Understanding financial benefits and health insurance for special needs children
Tuesday, 4 February 2020
Families with special needs children face many challenges: physical, emotional, and financial.
In many cases, providing care for the child is the top priority, leaving little time to figure out what benefits they are entitled to, and how to maximize the resources they have. However, having access to this information can potentially make a dramatic difference in a family's financial situation and quality of life.
Supplemental security income, Medicaid for special needs children
Families with disabled minor children can receive monthly SSI payments, but the eligibility requirements are quite strict.
First, the child must meet the Social Security Administration's (SSA) definition of disabled, which is having "marked and severe functional limitations" for at least 12 months. Families are required to provide extensive documentation, and the child might have to undergo testing before the agency determines the child is in fact disabled. This process can take up to five months.
Second, the income threshold for receiving benefits is quite low and often difficult to determine. According to the Social Security Administration, the family's monthly income cannot exceed $1,070. But this number varies by what state you live in, due to different contributions each one makes to the monthly payment. Additionally, the formula for figuring out what counts as income can be very complicated.
Needless to say, a family's monthly income must be low to be eligible for monthly SSI payments. But according to the SSA, a child who qualifies for SSI will automatically qualify for Medicaid in most states as well. And while Medicaid benefits also vary from state to state, all states are required to cover many medical expenses for individuals on Medicaid.
The Social Security Administration provides a detailed, step-by-step guide for starting an application for SSI. Prior to starting the lengthy process, families might want to consult an attorney who specializes in special needs benefits, or local non-profit agency for advice.
After reaching adulthood
Once a disabled individual reaches the age of majority, they are considered an adult and the eligibility rules change. Again, the Social Security Administration will have to determine whether the individual is disabled, and the process is as detailed and lengthy as before.
The primary difference in determining eligibility for an adult versus a child is financial. Instead of considering the assets or income of the family, the SSA only considers the assets or income of the individual. Again, the asset threshold is low. In fact, an individual will not qualify for SSI and Medicaid if they have more than $2,000 in assets.
This is why families with special needs children should never put assets in the child's name. Most financial and legal experts recommend establishing a Special Needs Trust with the child as the beneficiary. It is also highly recommended this trust be written by a lawyer with expertise in this area to ensure the child and the assets are protected.
If the disabled individual is able to work, it is important their wages are carefully allocated in order to protect benefit eligibility. Again, a lawyer or special needs financial planner can help in this situation.
Recently, the ABLE Act was passed, which allows families to set up tax-advantaged savings plans for their disabled children, and the majority of these funds will not disqualify the child from receiving government benefits.

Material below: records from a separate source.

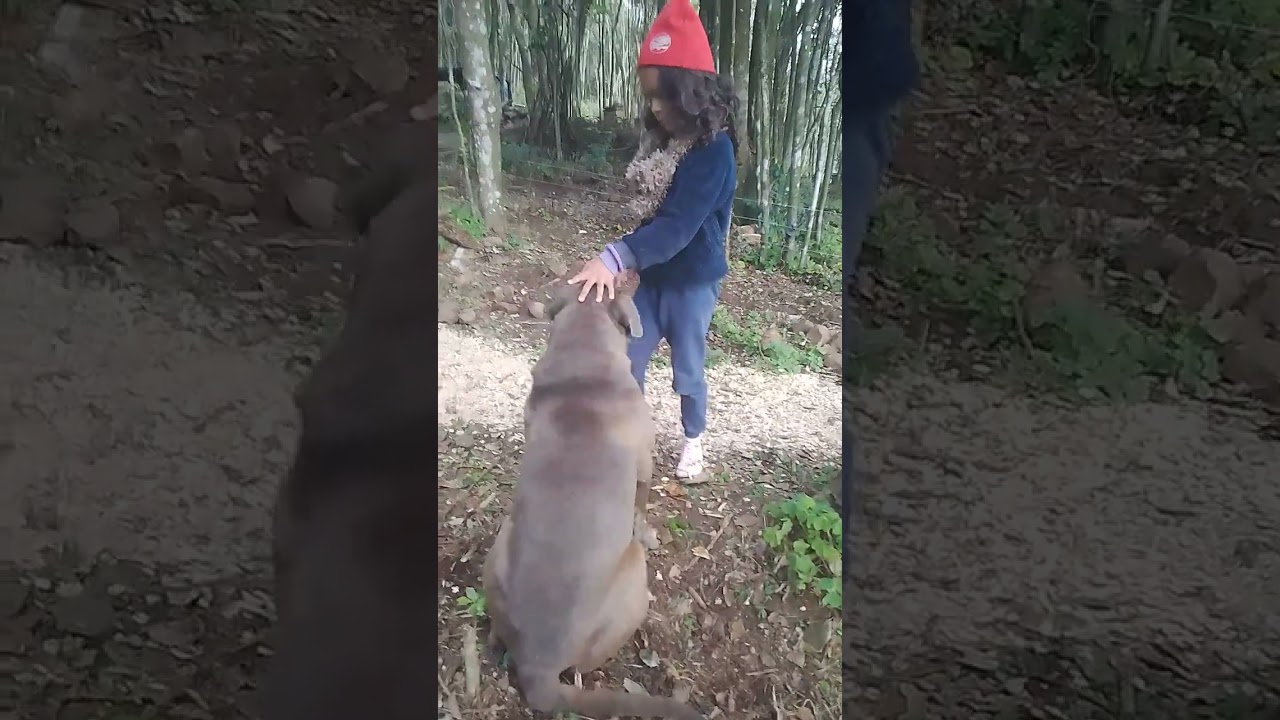 Porque os cães atacam os donos??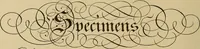 An illustration from Katalog der ornamentstich-sammlung des Kunstgewerbe-museums, mit 200 abbildungen (1894)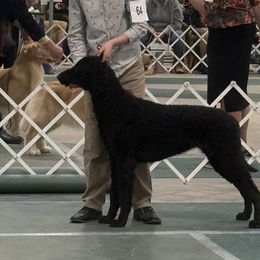 Curly-Coated Retrievers from Nyehyrst Curlies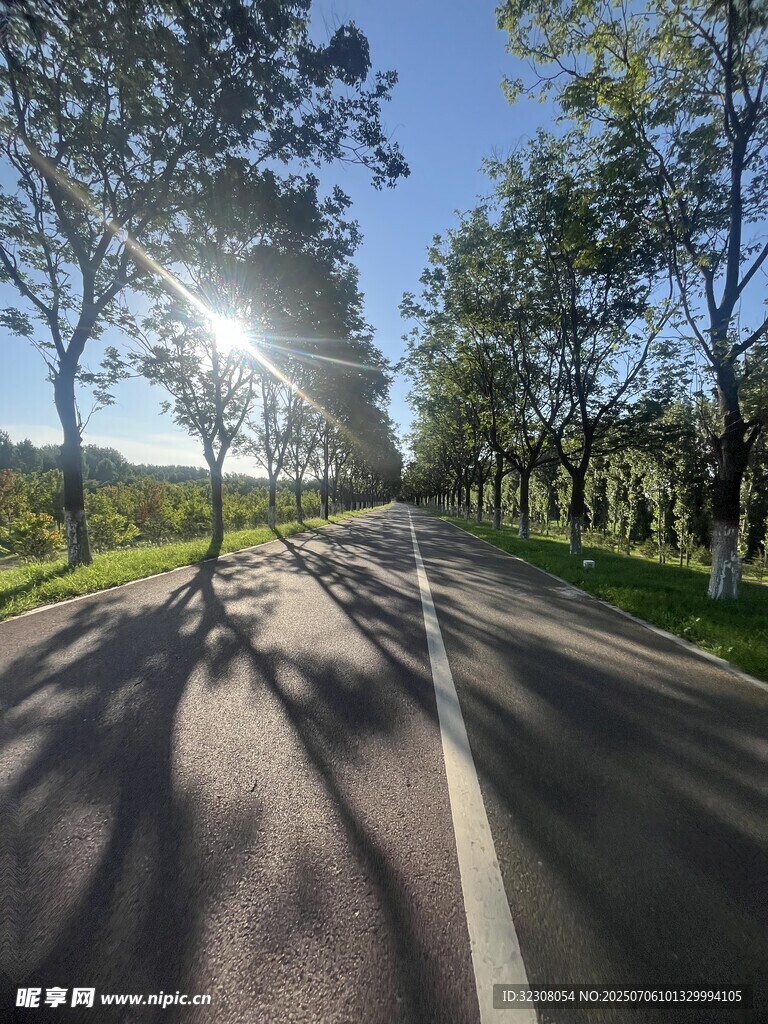 阳光洒落的林间公路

Health insurance for disabled child
Navigating the complicated healthcare system can be difficult enough for families and individuals who don't have special needs. When children need to see specialists, receive regular therapy, or use adaptive medical equipment, the task becomes even more daunting and expensive.
In fact, one mother with a daughter with a multifaceted genetic syndrome that affected the child both physically and developmentally said she spent as much time fighting with her insurance company as she did caring for her child.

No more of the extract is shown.